Anna Valle è una di quelle attrici che mettono tutti d’accordo. E’ quasi un’istituzione nazionale, per l’affetto e l’ammirazione che sempre ritroviamo nel giudizio di tutti quelli che la conoscono per uno dei suoi innumerevoli lavori televisivi o teatrali. Affetto è la parola giusta. Anna Valle è un’attrice molto amata dal suo pubblico. Per i suoi modi, e per la dolcezza che traspare dal suo bellissimo viso quando parla. Per il suo mostrarsi poco diva, e per il suo impegno nel sociale. La sua straordinaria bellezza è solo la dote più appariscente di questa donna che ha vissuto la sua adolescenza a Ladispoli. Pur avendo iniziato la sua carriera per caso, come ci ha raccontato in una lunga intervista che ci ha concesso, Anna Valle è un’attrice che riesce a calarsi con naturalezza nei personaggi che interpreta. Non solo nelle tante fiction che ha interpretato, “Commesse”, “Le stagioni del cuore”, “Atelier Fontana – Le sorelle della moda”, tanto per fare pochi esempi, ma anche sulle impegnative tavole dei palcoscenici dei teatri. La miniserie sulle sorelle stiliste, trasmessa dalla RAI, ha raggiunto dei picchi di ascolto di più di 9 milioni e mezzo di spettatori, consacrandola tra le attrici più amate e seguite dagli Italiani. L’ho conosciuta personalmente qualche giorno fa, quando, anche grazie ai buoni uffici del nostro Direttore, suo amico personale da lunga data, sono riuscito a intervistarla dopo la deliziosa commedia “Cognate. Cena in famiglia”, dove aveva appena finito di recitare al Teatro Traiano di Civitavecchia. Lei gentilissima e sorridente, e naturalmente bellissima, ha risposto alle mie domande seduti in platea di in un teatro praticamente deserto, mentre suo marito e i suoi amici aspettavano fuori al freddo di una piovosa serata invernale.

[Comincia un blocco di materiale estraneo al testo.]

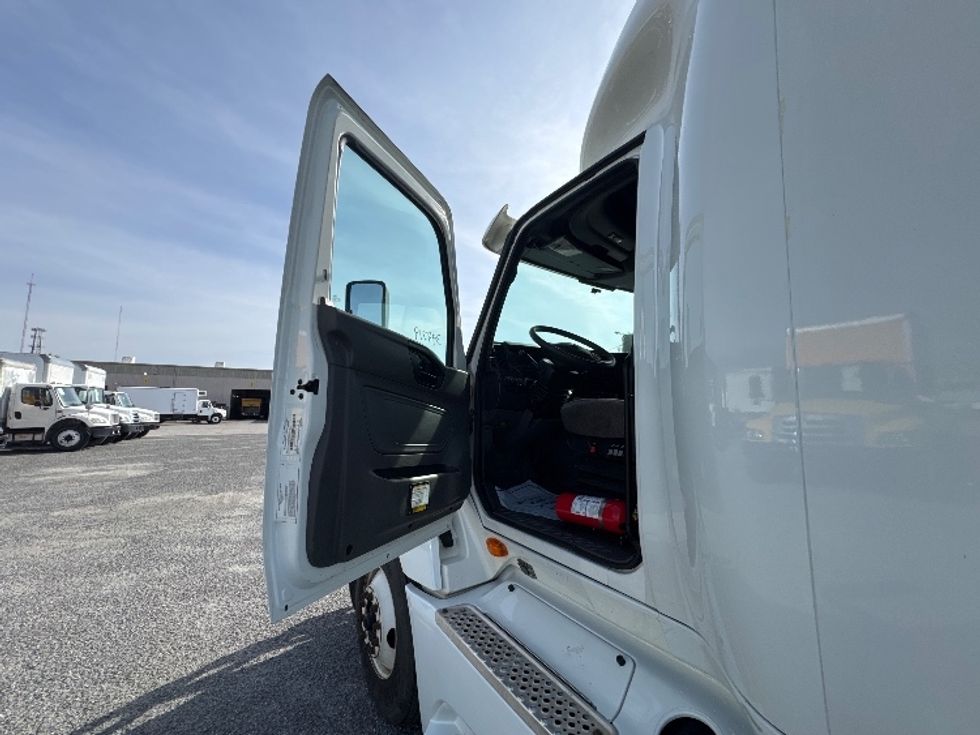 Sleeper Tractor-Heavy Duty Tractors-International-2020-LT625-Ocala-FL-499,495\n\t\tmiles-$ 38,500 - Image 9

In genere mi capita di intervistare attori o attrici che fanno molto teatro. E sono naturalmente orgogliosi di farlo perché lo ritengono una forma di arte elevata, e che dà prestigio. Ma non nascondono il loro desiderio di fare anche delle fiction, perché queste ti fanno guadagnare di più, e con una sola serata ti danno più popolarità di anni di tournee. Per lei la situazione è opposta. Fa molta televisione, e ogni tanto fa delle cose molto belle in teatro. Quale è la sua motivazione simmetrica? Fa teatro perché solo così si può meglio dimostrare di essere una brava attrice?

“In realtà, la motivazione è che nel teatro ti puoi permettere di interpretare anche dei ruoli che probabilmente non ti verranno mai proposti in televisione. In teatro puoi anche scegliere un testo che ti piace. E se trovi anche chi te lo produce, e una compagnia con la quale lavori bene, diventa una grande soddisfazione. Nelle fiction, è di solito il produttore che arriva con una sceneggiatura, e ti propone un ruolo che per lui è adatto a te. Poi tu decidi se ti piace oppure no. Non sei tu che proponi un progetto e un ruolo da interpretare. In teatro funziona all’inverso. Ti innamori di un testo, e chiedi di poter fare quella parte. L’idea parte da te.”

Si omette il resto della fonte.